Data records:
=======
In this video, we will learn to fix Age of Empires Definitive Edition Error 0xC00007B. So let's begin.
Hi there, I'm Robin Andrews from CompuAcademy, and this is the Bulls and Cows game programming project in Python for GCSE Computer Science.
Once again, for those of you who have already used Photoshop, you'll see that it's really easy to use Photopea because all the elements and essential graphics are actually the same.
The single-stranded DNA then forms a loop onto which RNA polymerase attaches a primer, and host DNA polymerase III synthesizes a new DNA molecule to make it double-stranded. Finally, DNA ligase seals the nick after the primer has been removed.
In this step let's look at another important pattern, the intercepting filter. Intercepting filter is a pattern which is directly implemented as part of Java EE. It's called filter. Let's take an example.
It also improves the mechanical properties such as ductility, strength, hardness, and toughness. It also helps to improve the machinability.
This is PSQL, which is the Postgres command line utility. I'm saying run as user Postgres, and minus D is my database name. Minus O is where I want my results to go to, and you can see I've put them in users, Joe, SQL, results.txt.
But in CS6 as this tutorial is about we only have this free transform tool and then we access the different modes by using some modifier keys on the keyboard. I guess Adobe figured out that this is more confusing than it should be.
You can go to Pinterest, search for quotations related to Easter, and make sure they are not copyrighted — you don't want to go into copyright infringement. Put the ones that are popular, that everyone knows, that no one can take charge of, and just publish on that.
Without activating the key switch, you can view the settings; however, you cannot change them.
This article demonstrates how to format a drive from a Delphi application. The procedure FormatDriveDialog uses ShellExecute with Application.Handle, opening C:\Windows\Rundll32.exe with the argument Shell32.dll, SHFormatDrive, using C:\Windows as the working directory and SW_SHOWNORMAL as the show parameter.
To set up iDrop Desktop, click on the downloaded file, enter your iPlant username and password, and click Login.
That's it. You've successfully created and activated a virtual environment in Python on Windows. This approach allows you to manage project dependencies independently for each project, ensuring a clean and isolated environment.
=======
(Problem to work on) Extract every line above containing the word "Windows".

(Written solution)
This article demonstrates how to format a drive from a Delphi application. The procedure FormatDriveDialog uses ShellExecute with Application.Handle, opening C:\Windows\Rundll32.exe with the argument Shell32.dll, SHFormatDrive, using C:\Windows as the working directory and SW_SHOWNORMAL as the show parameter.
That's it. You've successfully created and activated a virtual environment in Python on Windows. This approach allows you to manage project dependencies independently for each project, ensuring a clean and isolated environment.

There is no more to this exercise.